Local IT firms take clients into the cloud
FORT COLLINS – Bob Vomaske, CEO of Vista Solutions Corp., has some tough-love advice for clients and computer users set in their ways: It’s time to give up – and get over – the personal computer.
“No other item will a business spend that much money on and know they will be unhappy with it between 36 and 48 months down the road,” Vomaske said. “It’s had a pretty good ride, but it is technology that is fundamentally 20 years old.”
Based in Fort Collins, Vista Solutions is encouraging customers, including Fortune 500 companies in the aerospace and health-care industries, to think outside the box, beyond the desktop hard drive, and toward “the cloud,” the Web-based alternative to using hard-drive storage and servers. Or, as Vomaske calls it, “the Internet with a different paint job.”
Vista Solutions enables customers to connect to a computer desktop from a number of devices, including iPads and other tablets. And while many individual and corporate users still need to be goaded into relinquishing the physical security of having their hard drive sitting right next to their workspace and their servers in their offices, the cost and data benefits that come with online and virtual management increasingly outweigh the conventional way of computing.

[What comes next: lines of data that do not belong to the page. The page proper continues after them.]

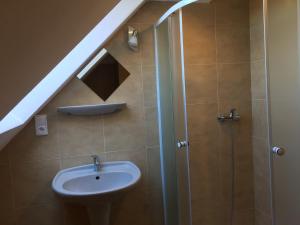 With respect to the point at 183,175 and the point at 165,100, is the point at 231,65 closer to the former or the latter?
the point at 165,100

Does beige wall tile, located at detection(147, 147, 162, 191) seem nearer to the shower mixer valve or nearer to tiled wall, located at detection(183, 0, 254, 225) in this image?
tiled wall, located at detection(183, 0, 254, 225)

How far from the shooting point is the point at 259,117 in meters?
2.31

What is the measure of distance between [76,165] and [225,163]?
4.23 ft

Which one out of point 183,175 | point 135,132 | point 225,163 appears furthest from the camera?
point 225,163

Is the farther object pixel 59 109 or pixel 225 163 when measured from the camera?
pixel 225 163

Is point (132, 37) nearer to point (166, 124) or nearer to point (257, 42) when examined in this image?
point (166, 124)

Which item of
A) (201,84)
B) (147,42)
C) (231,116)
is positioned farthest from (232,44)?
(147,42)

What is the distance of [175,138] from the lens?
6.87 feet

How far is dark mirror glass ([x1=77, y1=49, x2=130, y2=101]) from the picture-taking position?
2.18 meters

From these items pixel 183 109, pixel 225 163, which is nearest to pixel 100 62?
pixel 183 109

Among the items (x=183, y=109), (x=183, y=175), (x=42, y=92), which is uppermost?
(x=42, y=92)

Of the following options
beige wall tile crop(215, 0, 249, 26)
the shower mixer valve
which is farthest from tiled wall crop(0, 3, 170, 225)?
the shower mixer valve

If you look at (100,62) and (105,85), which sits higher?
(100,62)

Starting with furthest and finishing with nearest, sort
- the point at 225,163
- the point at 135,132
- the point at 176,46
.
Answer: the point at 225,163
the point at 135,132
the point at 176,46
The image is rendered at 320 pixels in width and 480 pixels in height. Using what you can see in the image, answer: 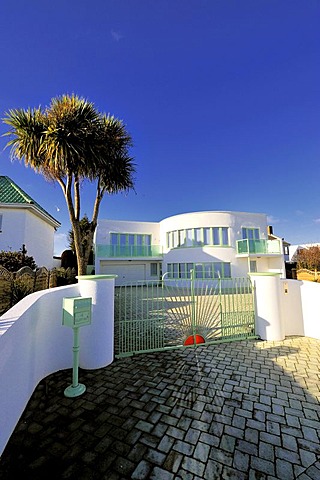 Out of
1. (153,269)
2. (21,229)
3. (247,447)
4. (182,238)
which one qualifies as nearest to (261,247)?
(182,238)

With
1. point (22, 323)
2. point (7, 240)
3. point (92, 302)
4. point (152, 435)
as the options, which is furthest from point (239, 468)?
point (7, 240)

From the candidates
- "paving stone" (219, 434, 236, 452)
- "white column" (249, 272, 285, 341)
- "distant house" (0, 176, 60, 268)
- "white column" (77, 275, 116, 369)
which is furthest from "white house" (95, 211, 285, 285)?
"paving stone" (219, 434, 236, 452)

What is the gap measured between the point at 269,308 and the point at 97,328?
14.0 feet

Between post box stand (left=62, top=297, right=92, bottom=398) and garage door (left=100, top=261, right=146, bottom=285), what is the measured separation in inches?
648

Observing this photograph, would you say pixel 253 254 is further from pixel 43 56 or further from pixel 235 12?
pixel 43 56

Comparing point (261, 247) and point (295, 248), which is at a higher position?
point (295, 248)

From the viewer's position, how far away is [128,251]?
19.7 meters

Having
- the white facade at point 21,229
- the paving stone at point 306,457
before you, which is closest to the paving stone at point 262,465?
the paving stone at point 306,457

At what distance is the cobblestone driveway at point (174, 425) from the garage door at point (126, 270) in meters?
16.3

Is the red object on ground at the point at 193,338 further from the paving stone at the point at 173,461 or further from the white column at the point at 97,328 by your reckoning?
the paving stone at the point at 173,461

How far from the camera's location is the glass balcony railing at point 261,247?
17.1 meters

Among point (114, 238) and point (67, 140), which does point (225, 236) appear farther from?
point (67, 140)

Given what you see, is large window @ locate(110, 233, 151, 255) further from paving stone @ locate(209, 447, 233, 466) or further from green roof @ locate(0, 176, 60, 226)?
paving stone @ locate(209, 447, 233, 466)

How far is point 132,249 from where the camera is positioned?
1983cm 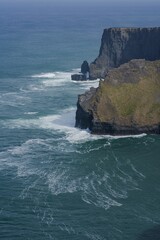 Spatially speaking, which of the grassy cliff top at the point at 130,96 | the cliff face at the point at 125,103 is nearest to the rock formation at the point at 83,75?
the cliff face at the point at 125,103

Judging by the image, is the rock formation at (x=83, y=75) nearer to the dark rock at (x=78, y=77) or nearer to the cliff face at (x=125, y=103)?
the dark rock at (x=78, y=77)

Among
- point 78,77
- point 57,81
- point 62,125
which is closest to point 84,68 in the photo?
point 78,77

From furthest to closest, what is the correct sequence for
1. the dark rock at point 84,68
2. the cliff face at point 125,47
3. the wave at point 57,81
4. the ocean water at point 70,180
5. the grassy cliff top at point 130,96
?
the dark rock at point 84,68
the cliff face at point 125,47
the wave at point 57,81
the grassy cliff top at point 130,96
the ocean water at point 70,180

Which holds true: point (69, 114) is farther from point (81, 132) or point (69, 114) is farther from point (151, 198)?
point (151, 198)

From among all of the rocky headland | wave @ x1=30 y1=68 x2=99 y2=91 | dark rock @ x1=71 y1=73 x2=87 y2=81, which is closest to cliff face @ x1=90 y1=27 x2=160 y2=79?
dark rock @ x1=71 y1=73 x2=87 y2=81

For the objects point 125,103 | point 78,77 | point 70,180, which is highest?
point 125,103

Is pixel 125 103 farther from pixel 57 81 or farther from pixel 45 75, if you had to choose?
pixel 45 75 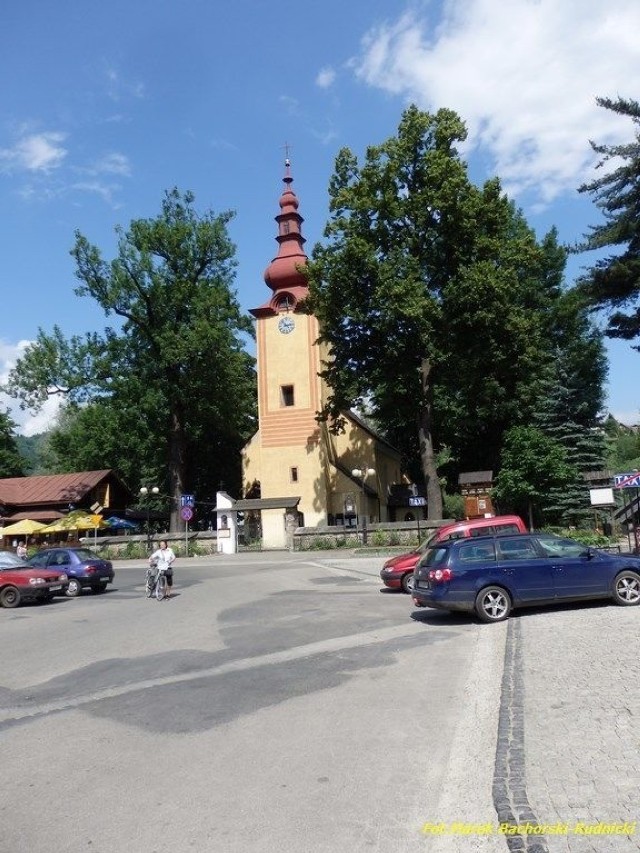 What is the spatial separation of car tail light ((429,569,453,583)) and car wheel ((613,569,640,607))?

Vista Solutions isn’t alone among regional information-technology companies that are evolving and integrating along with the sea changes in the world of IT. Recent acquisitions involving Northern Colorado firms Connecting Point of Greeley, and HEIT Inc. of Fort Collins, have local businesses growing into larger enterprises and taking willing passengers into the cloud.
From proto-PCs to tablets
The personal computer was born and went through its early growth stages in the late 1960s and 1970s. Among the pioneering local computer businesses was Hasp Corp., which began in 1975 selling proto-PC data terminal equipment, along with calculators and surveying tools, produced by companies such as Hewlett Packard and IBM. Hasp continued to provide computer hardware to clients for several decades, while other businesses also emerged to sell hardware or provide a range of IT software services.
Vomaske and his wife, Linda, bought Hasp in 2003. At the same time, they also bought Vista Solutions, which started in the 1990s in Loveland as a consulting firm.
“It just made sense to us that you’d want to integrate a company focused on best-in-class hardware along with a company that is focused on proven software solutions,” Vomaske said.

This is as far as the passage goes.